Henry’s OK with his life choices. For Scott, it “would have been harder” for him to return to this role had he not succeeded in shows including “Big Little Lies.” Last year, he appeared in Apple TV+’s “Loot” in addition to “Severance.”
Still, he would have returned.
“There have been moments in this past 12 years where I’ve been in some tough spots, career-wise, where I had to kind of stop and reconfigure what I was doing,” he says. “I’m certainly lucky that whatever avenue I’ve chosen, or been lucky enough to fall into, is working right now … it ebbs and flows. That’s the only thing you can count on.”

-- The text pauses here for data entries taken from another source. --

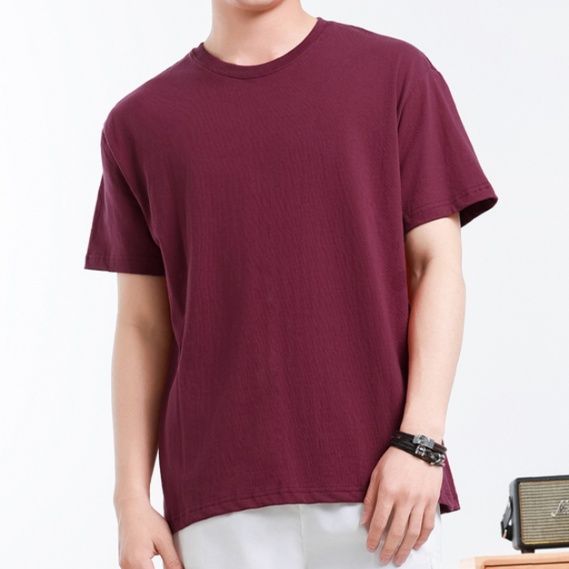無地 Tシャツ 上質シンプル半袖ラウンドネック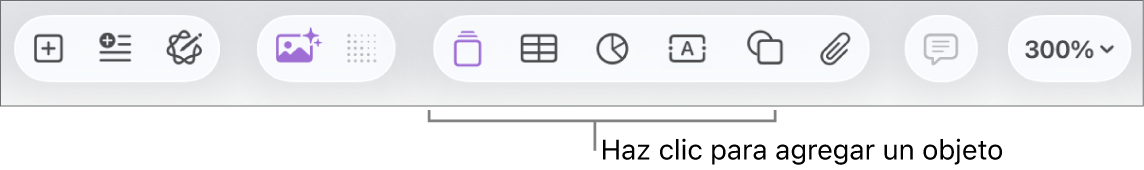 La barra de herramientas con botones para agregar tablas, gráficas, texto, figuras y contenidos.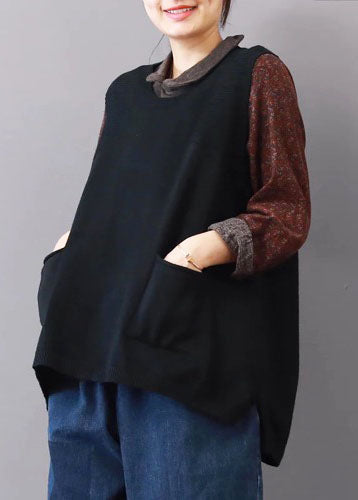 Women's Sleeveless Sweater Black Plus Size Cotton - 1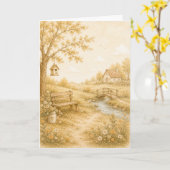 Vintage Pastel Weide Groet Kaart (Gele Bloem)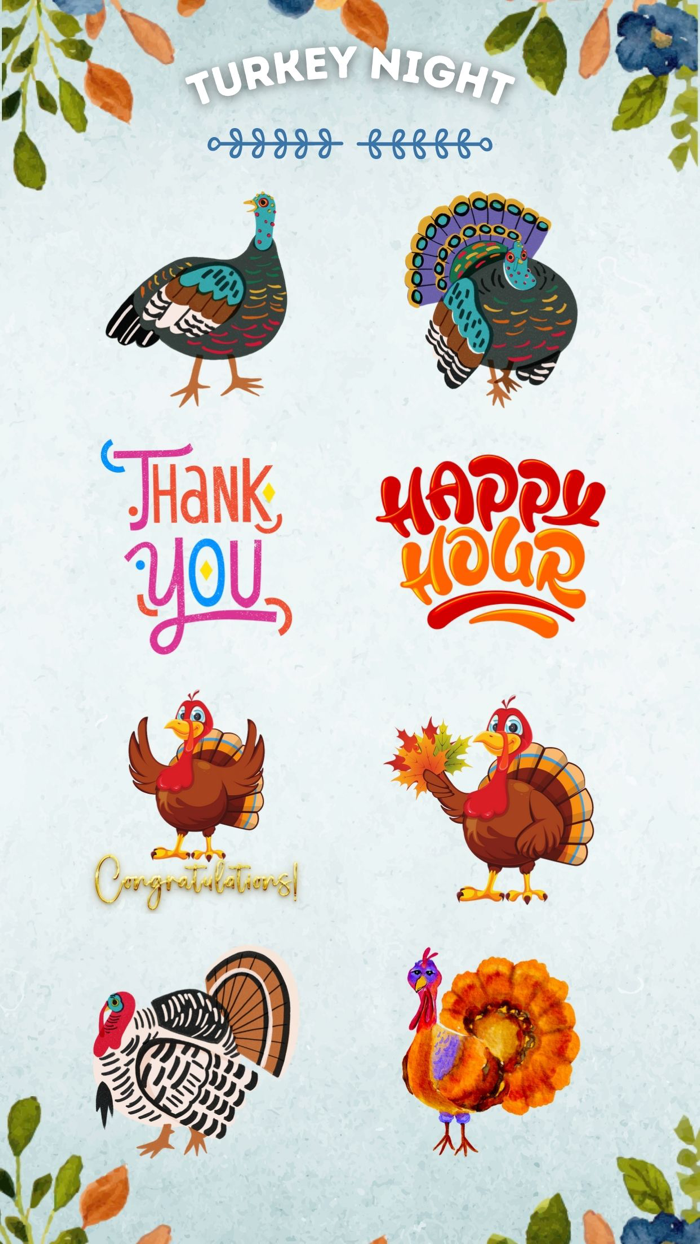 100 Thanksgiving Day Stickers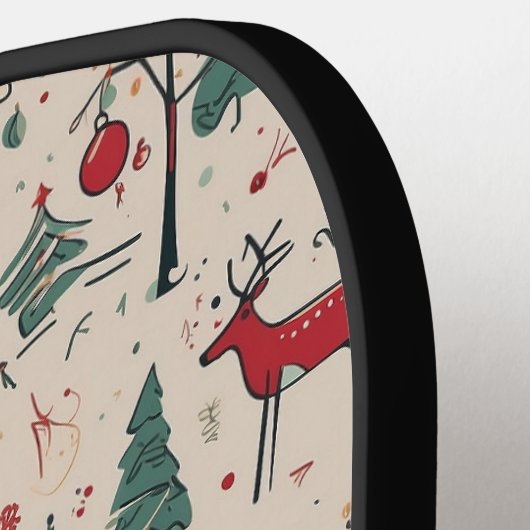 Folk Art Primitive Christmas Pickleball Paddle (Links Detail)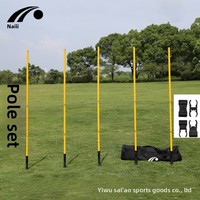 Kit de cônes de marquage pour entraînement de football à insérer au sol (poteaux de signalisation, poteaux de délimitation, drapeaux de coin) - Cônes en PVC de 1,5 m pour usage multisports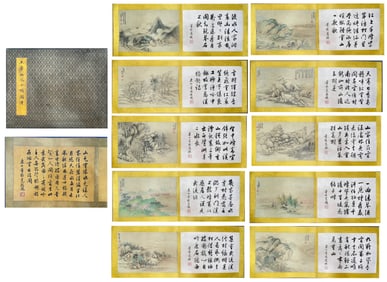 Chinese Drawing Landscape Painting Album,Wang Hui Mark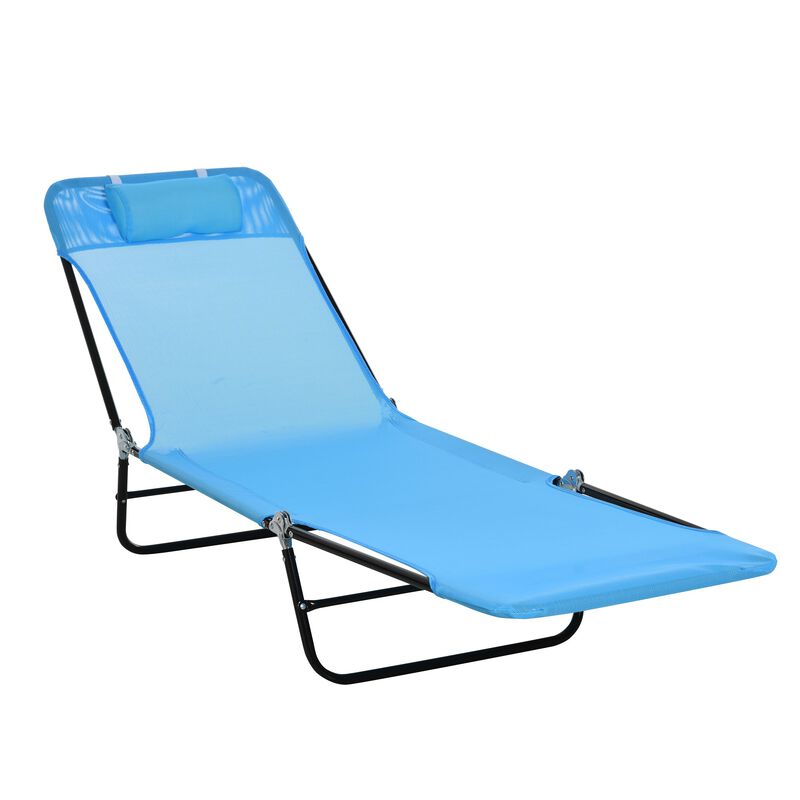 Portable Sun Lounger, Lightweight Folding Chaise Lounge Chair w/ Adjustable Backrest & Pillow for Beach, Poolside and Patio, Blue & Black
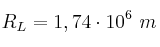 R_L = 1,74\cdot 10^6\ m R_L = 1,74\cdot 10^6\ m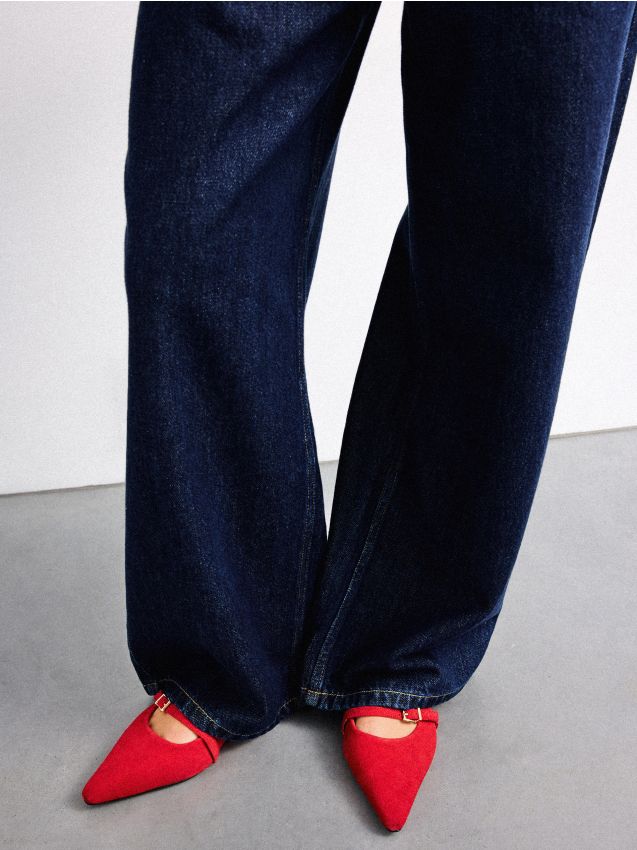 Mohito - Кожени обувки балерина - червен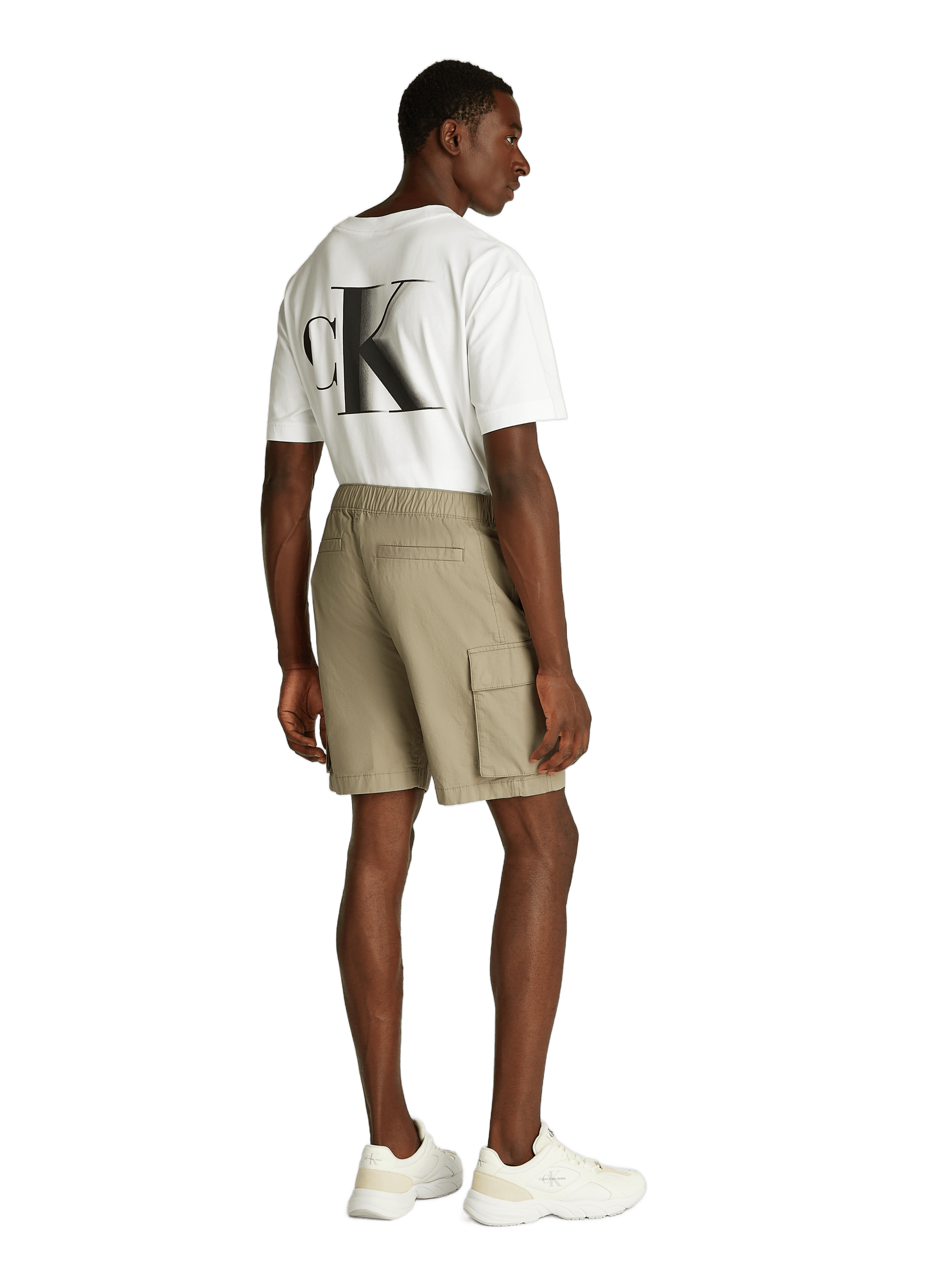 Straight cotton blend shorts CALVIN KLEIN Beige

For other actors, the delay due to COVID-19 simply met more prep time. “Daisy Jones & the Six” actor Sebastian Chacon, for example, was able to spend months learning the drums in his brother’s Williamsburg basement.
“For a lot of the quarantine, it seemed more like I was a professional drummer because I was practicing every day,” says the actor, who was cast a few weeks before the world shut down as drummer Warren Rojas in Prime Video’s limited series.
To prepare for the role, he also watched documentaries and listened to music from the period. He worked with a coach on how musicians of that period moved and learned to get more comfortable on stage. When the cast finally got the OK to start filming, Chacon realized he “started making a lot of different choices for the way that [Warren] plays that I wouldn’t have ever really been able to make or would have been informed enough to make.”
Chacon, whose prior experience with the instrument included high school marching bands, would have done his homework anyway, but notes, “getting the time to really do that and allow it to live in my body was, honestly, a gift.”
Sometimes, best laid plans that go awry are exactly that: A gift.